Basma Alsharif
Museum of Contemporary Art
Toronto
February 14–April 14
Basma Alsharif’s exhibition in Toronto presents four installations with film and video that weave shades of imperialism into repetitive, quotidian activities. In Girls Only, 2014, a woman seated in an empty stadium performs a rhyming exercise. Her image is montaged with interludes of heroic, cinematic music, to the tune of celebratory nationalism. These themes extend to Trompe l’oeil, 2016, which is set up as a living room, complete with a carpet, divan, sofa chair, and flat-screen television that shows people performing everyday activities. Within the installation are two large-scale prints of actual living rooms, one of which includes three reproduced photographs of Arab slaves from the collection of T. E. Lawrence (of the 1916 Arab Revolt and the 1962 film Lawrence of Arabia) tacked over the divan. This visual interruption in the domestic scene conveys how cyclical, violent histories are preserved in social memory, especially among the oppressed.

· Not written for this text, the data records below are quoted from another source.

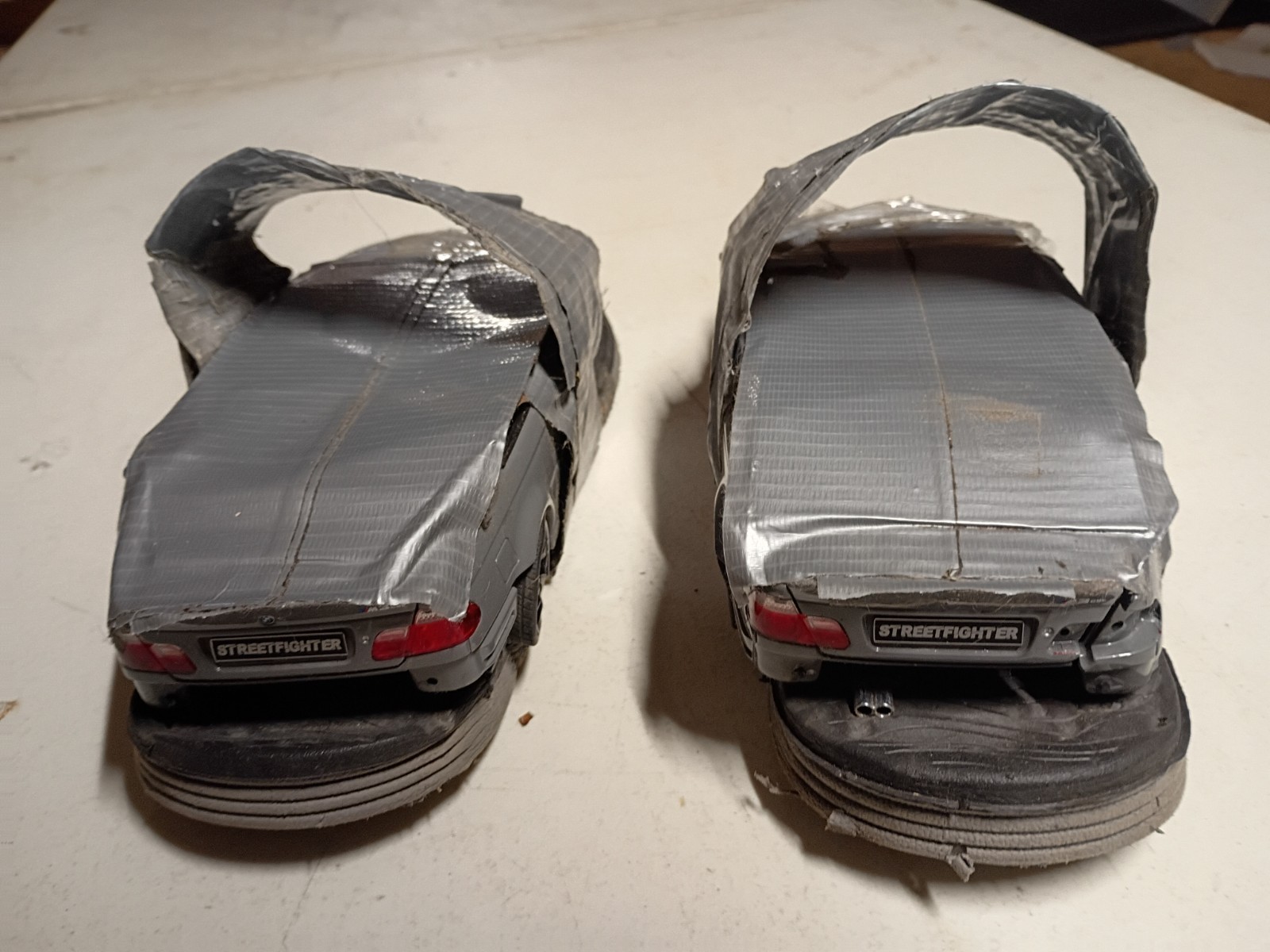 pair of Solido 2000 BMW E46 M3 Grey 1:18 flip flops crushed cars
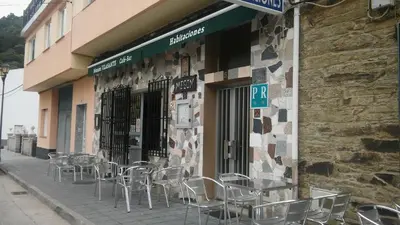 a group of tables and chairs outside of a building at Hostal-Meson Vilasante in Tríacastela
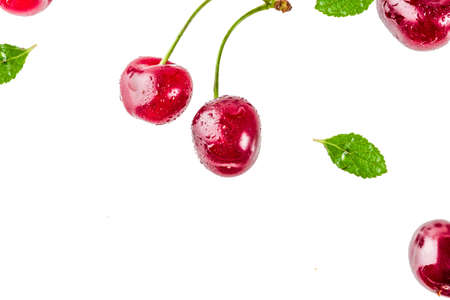 Raw fresh cherry with water drops, simple pattern isolated on white backgroundの写真素材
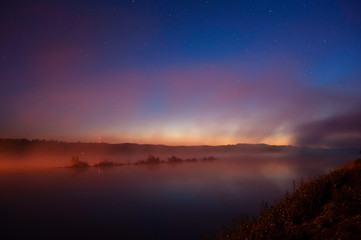 Mist over river in autumn. Darkening sky with stars after sunset.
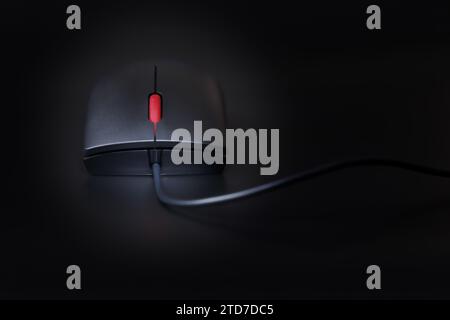 Schwarze Computermaus mit rotem Scrollrad, Nahaufnahme auf dunklem Hintergrund mit geringer Schärfentiefe Stockfoto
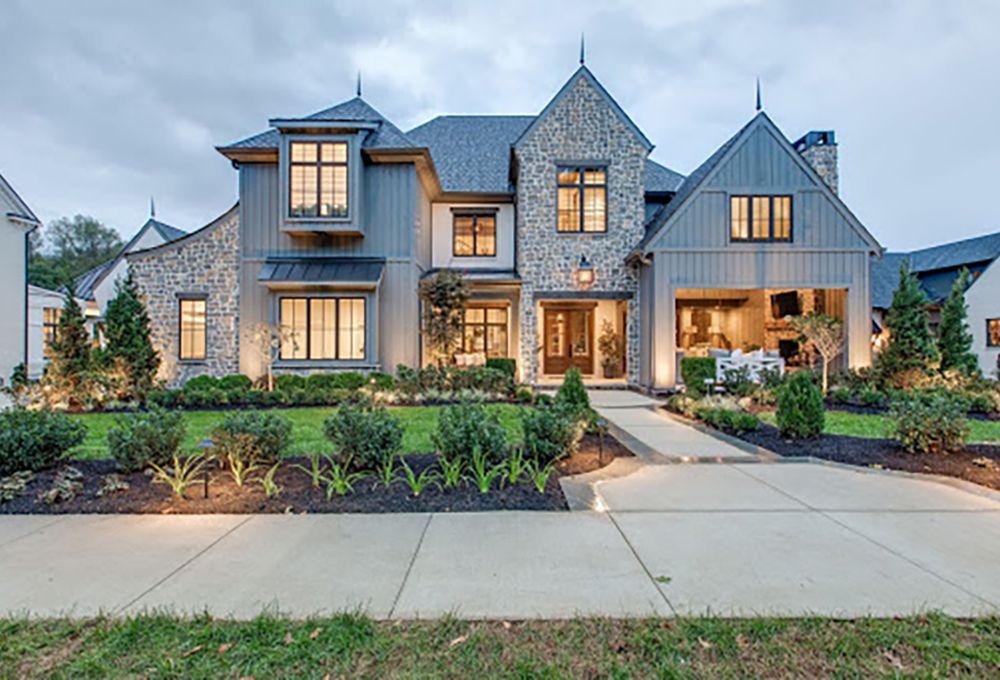 A 2-story stone French-country home with beautiful exterior lighting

In The Story of Milk and Honey, 2011, the protagonist describes his desire to write a fictional love story set in the Middle East but “devoid of political context.” Toward this end, he compiles Arab love songs and reads an article about Italian cinema. The other photographs and texts in the exhibition can then be viewed as the results of his unwritten story. A Philistine, 2018, is a novella in five movements; twenty-five reading copies are available in the gallery alongside ten related prints. Presented in both English and a Palestinian dialect, the work shares the radical qualities of Pier Paolo Pasolini’s novel A Dream of Something (1962), which, like many of his texts, he wrote in Friulian to preserve the dialect during Mussolini’s Italy. Beginning with a failed romance between a furniture store clerk and an ineffective political agitator with literary aspirations in Cairo, Alsharif’s story keeps the political context intact.